● PROVIDED DATA

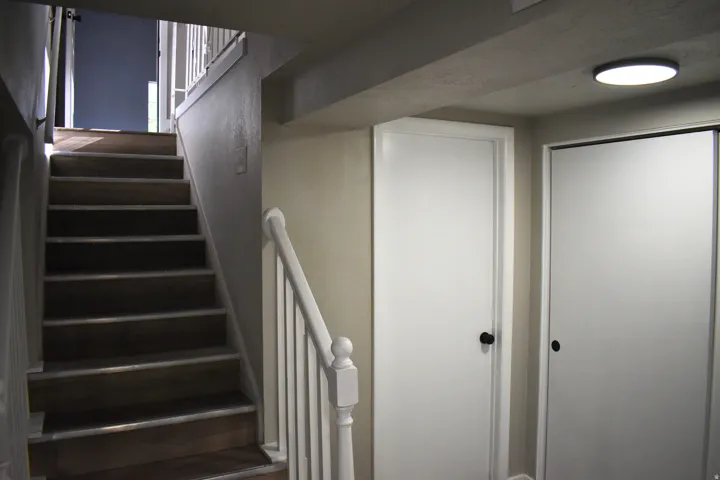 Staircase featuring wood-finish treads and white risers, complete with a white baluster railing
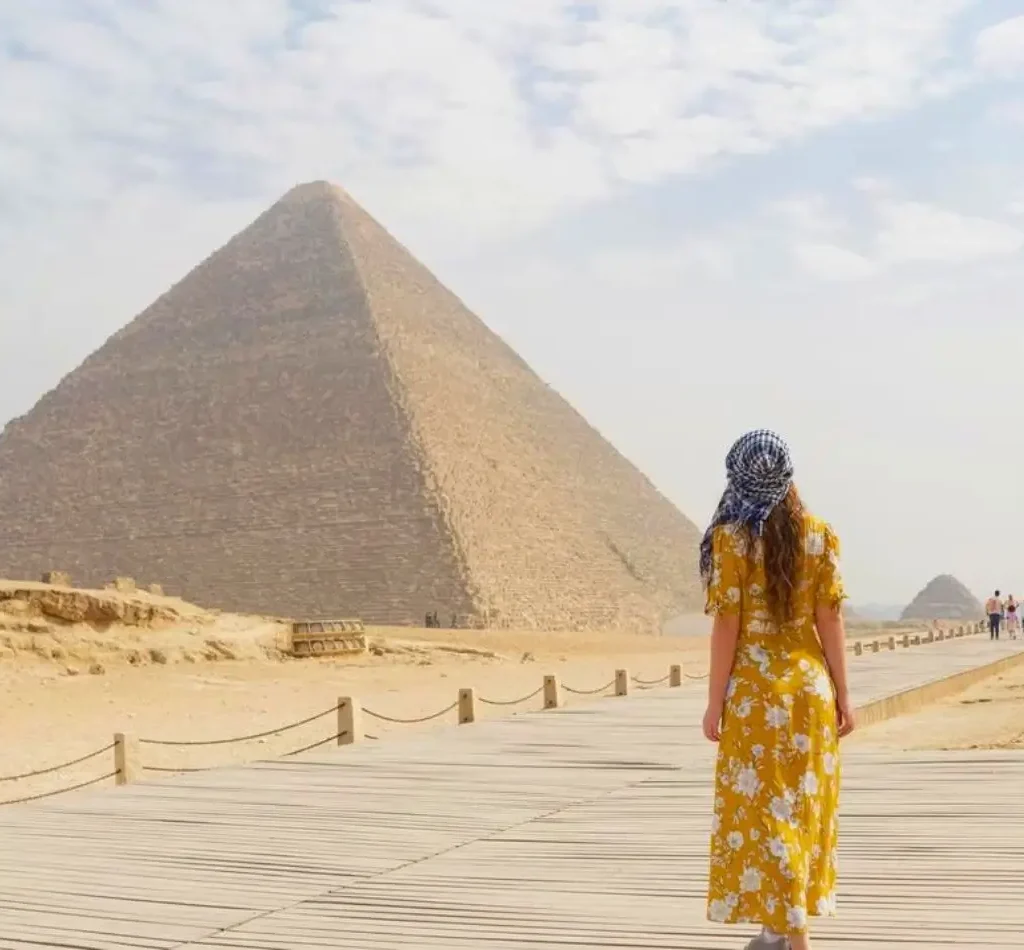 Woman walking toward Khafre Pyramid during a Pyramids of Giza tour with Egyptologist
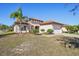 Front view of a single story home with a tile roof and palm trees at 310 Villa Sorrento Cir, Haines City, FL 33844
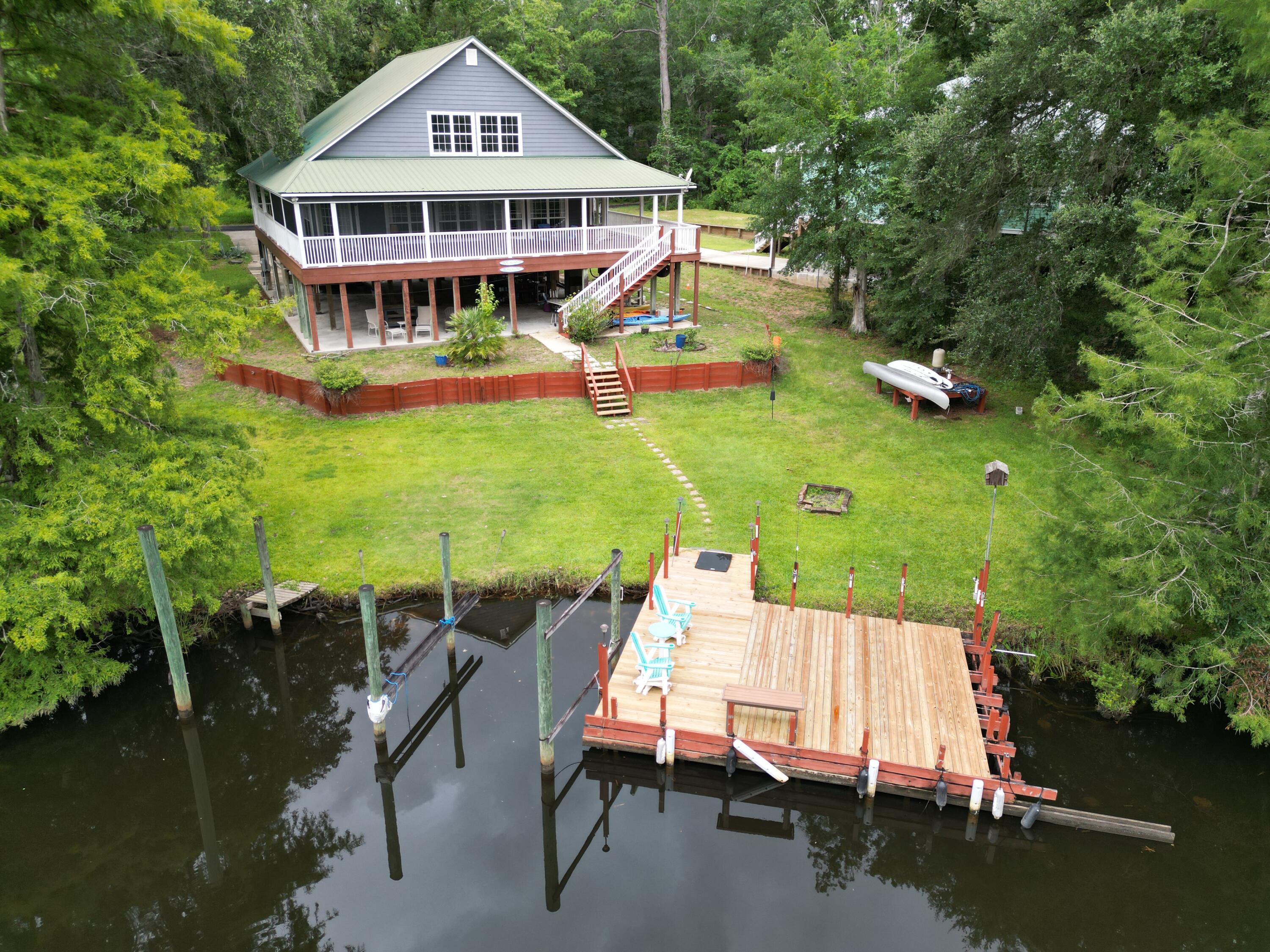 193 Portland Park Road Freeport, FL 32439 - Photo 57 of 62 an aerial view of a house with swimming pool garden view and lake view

● TO DO
Drop the images and repeat the data exactly.

● WRITTEN ANSWER
 Staircase featuring wood-finish treads and white risers, complete with a white baluster railing
 Woman walking toward Khafre Pyramid during a Pyramids of Giza tour with Egyptologist
 Front view of a single story home with a tile roof and palm trees at 310 Villa Sorrento Cir, Haines City, FL 33844
 193 Portland Park Road Freeport, FL 32439 - Photo 57 of 62 an aerial view of a house with swimming pool garden view and lake view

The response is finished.